What Do Customers Want?
But as the turbulent bioinformatics market continues to demonstrate, even the best technology is no guarantee of a successful business, and the data integration field is a prime example of the biggest obstacle most vendors face today — in-house development.
Both GeneticXchange’s Donnelly and Acero’s Holt concede that their biggest competitors are in-house integrators writing their own Perl- or Java-based scripts.

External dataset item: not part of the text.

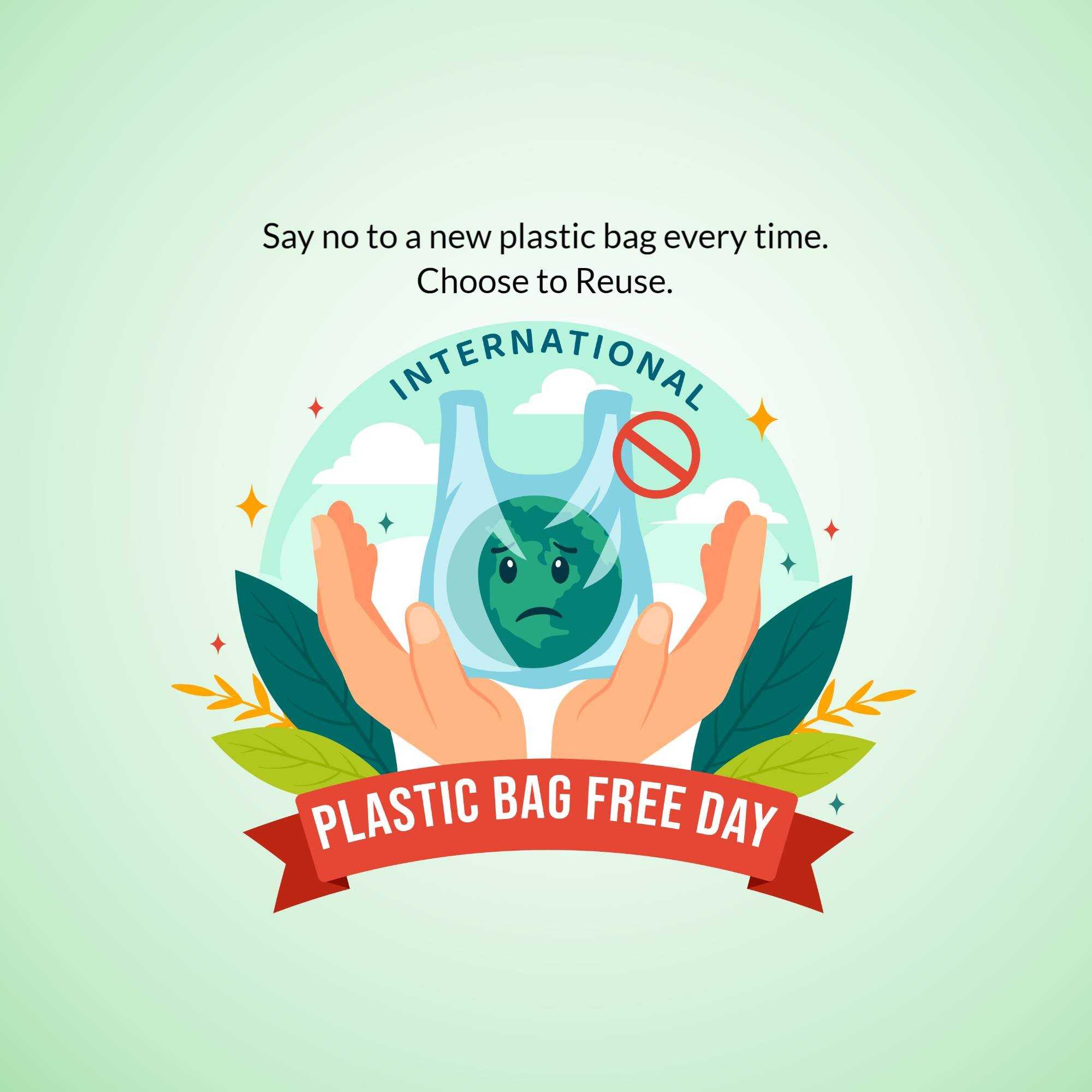 International Plastic Bag Free Day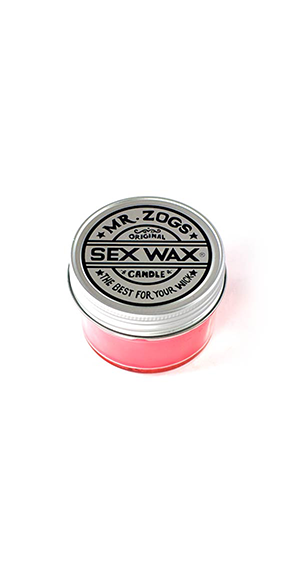 Sex Wax Candle Strawberry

In many cases, even potential customers who are attracted to a vendor’s technology won’t buy because they’ve invested too much time and money into their own solution. Furthermore, according to Donnelly, there’s the further challenge of “guilt by association” with failed integration companies of yesteryear.
Richard Scott, head of cheminformatics at De Novo Pharmaceuticals, told BioInform that “build” won out over “buy” for his company because “we wanted flexibility for our choices for third-party applications for each type of data domain.” Scott put together an integration team at the young company to build a “virtual warehouse” based on Oracle, an off-the- shelf application server, and Java.
Scott said De Novo shopped around for some commercial solutions, and based its purchasing decisions based on technology that adhered to open standards. Tools based on proprietary formats were not an option, he said.
Scott summed up the demands that helped him construct De Novo’s system: “Users want unfettered access to their data that they’re interested in. They don’t want complex GUIs. They want their tools to be robust, and they want to get to where they want very quickly.”
Success in the marketplace for new data integration vendors will depend not only on their ability to meet these needs, but to do it better and cheaper than companies can on their own. Holt said that Acero is ready for that challenge, noting that it’s only a matter of time before customers paying highly skilled bioinformaticists to write Java-based integrations “look at our costs versus what they will spend in maintenance and realize they can put these people back into their core strengths of doing science.”